In the case of Clavo, the killing wasn’t only startling because it was carried out in plain sight. Clavo’s killing created a chilling effect as Sacramento Police struggled to persuade numerous eye witnesses to cooperate and tell authorities what they saw.
Clavo’s friends drove him back to Grant High where school staff attempted CPR on his lifeless body.
“It’s a loss I will feel for the rest of my life,” said Clavo’s mother, Nicole. in the hearing for Lindsey on Wednesday. “Every day I have a horrible feeling in the pit of my stomach. “
Clavo called SB 1391 “a slap in the face” to the families of victims.
Maupin’s granddaughter, Sara Rice, told The Bee that Marsh knew what he was doing. “He was calculated, he was smart and he committed the perfect crime two weeks before he turned 16,” she said. “...This psychopath – this convicted murderer – is already serving too short a sentence for what he did.”
Victoria Hurd, the daughter Maupin, said, “As a victim, this is my life sentence and the life sentence of my family.”
The fear of Yolo County authorities is that if SB 1391 is signed by Brown, it would be applied to Marsh retroactively. The fear is that he would be released by juvenile detention officials at 25. Marsh was convicted before the Prop. 57, which is now being applied to him retroactively. He has the juvenile court transfer hearing that all juveniles have had since 2016.
That hearing is scheduled for Oct 1.
Lindsey’s hearing is scheduled to conclude Oct 5.

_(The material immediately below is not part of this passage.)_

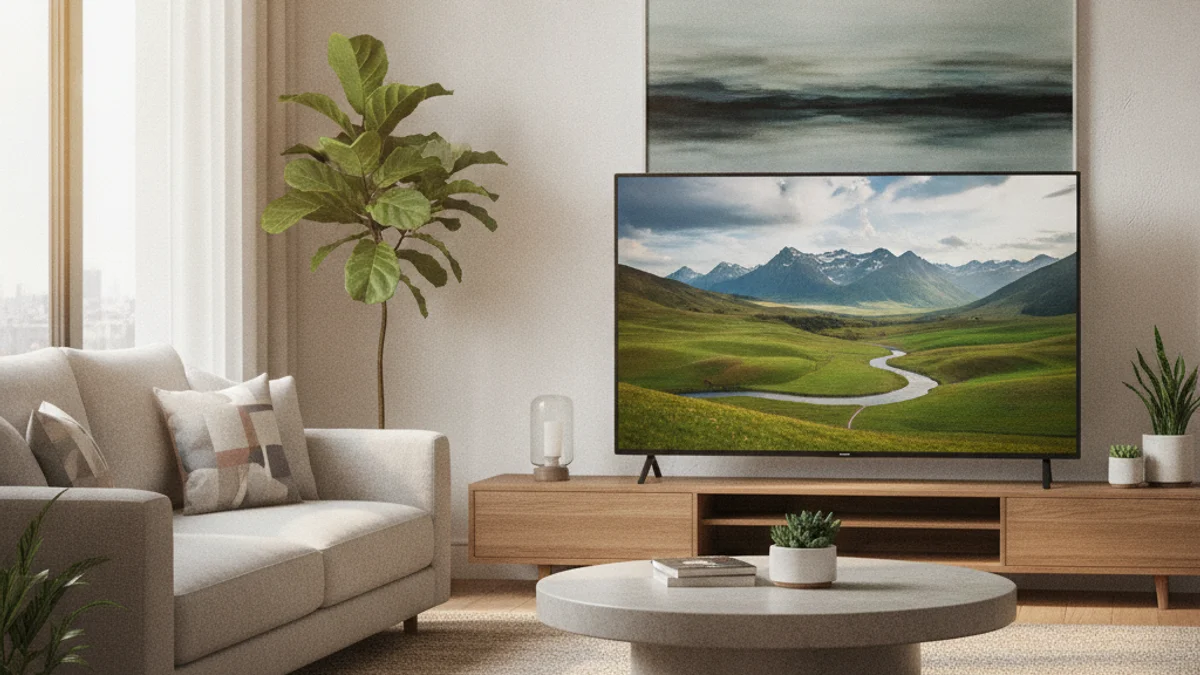 Registro fotográfico documental de Smart TV moderna em ambiente de sala contemporânea - Falando Nisso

“I lost my baby boy,” Clavo said. “I have to go to a graveyard to see him. I have to talk to a headstone. I have to watch videos to hear my son’s voice.”
Gov. Brown. you weren’t in court to hear Nicole Clavo speak. But her words speak to you nonetheless. Some crimes cross barriers of humanity that are beyond redemption. If we pretend that these crimes and criminals don’t exist, we make California less safe and create a legacy of pain for the future.
Gov. Brown, you know you face a Sept. 30 deadline to get this right. Don’t let SB 1391 become law, Governor. We’ll all regret it.